The crunch eased since April, with would-be US homeowners gaining tens of thousands of dollars in buying power thanks entirely to a decline in rates (prices remain at or near records). The rate relief was courtesy of a Treasury rally which went into overdrive two weeks ago, as benchmark US borrowing costs fell the most since Lehman, triggering a commensurately (almost) large drop in mortgage rates.

Fast forward a week and rates fell again, albeit just barely (last week’s extreme moves in the US rates complex were faded by the end of the week, as the risk tone on Wall Street improved). The 30-year fixed on the MBA’s gauge was 6.54%, down a whole one basis point over the week, to the lowest since the week of May 3, 2023.

As the figure above shows, the impact on refis was dramatic. Marry the home, data the rate indeed.
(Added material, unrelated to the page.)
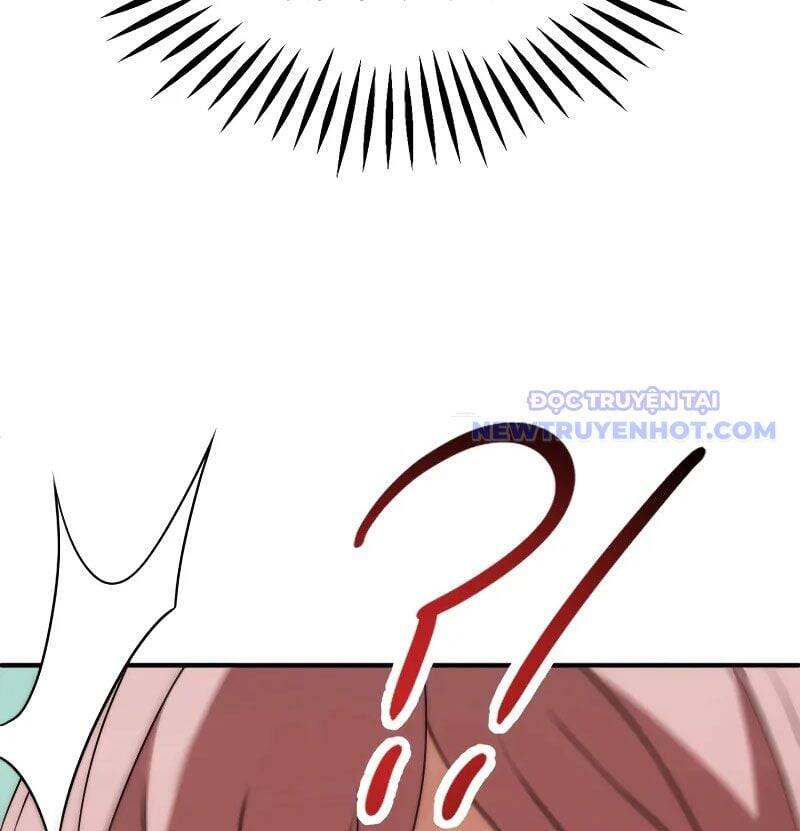 Con Trai Út Của Đại Pháp Sư Lừng Danh Chap 82 - Next Chap 83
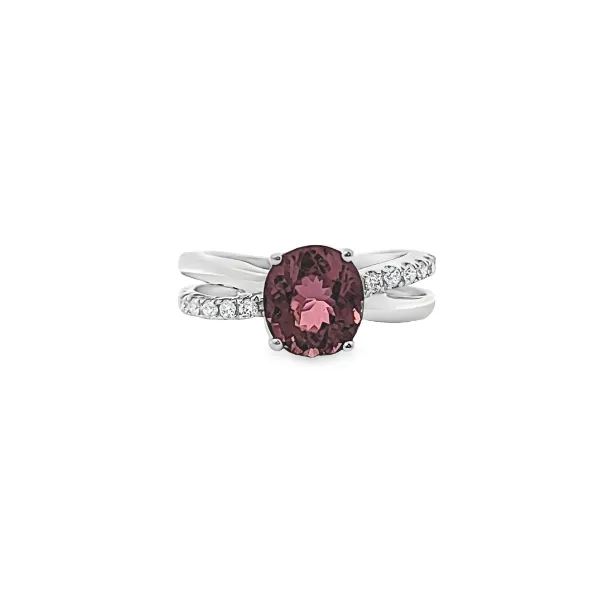 Estate Jewelry - Modern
“Rates on both 30- and 15-year fixed rate mortgages decreased for the second consecutive week, and combined with the previous week’s rate moves, spurred another strong week for application activity as borrowers with higher rates took the opportunity to refinance,” MBA VP Joel Kan said Wednesday.

The near 35% jump in refis drove a 17% increase in the MBA’s measure of overall application activity, which hit the highest levels since January of 2023.

So, if you were wondering just how sensitive this market is to any moves in rates, let alone huge moves like the one witnessed earlier this month, there’s your answer.

Meanwhile, Redfin’s Lily Katz gently noted on Wednesday that the average teacher in America can afford just 14.3% of listed homes “within commuting distance of their school.” That figure in 2019 was 39%.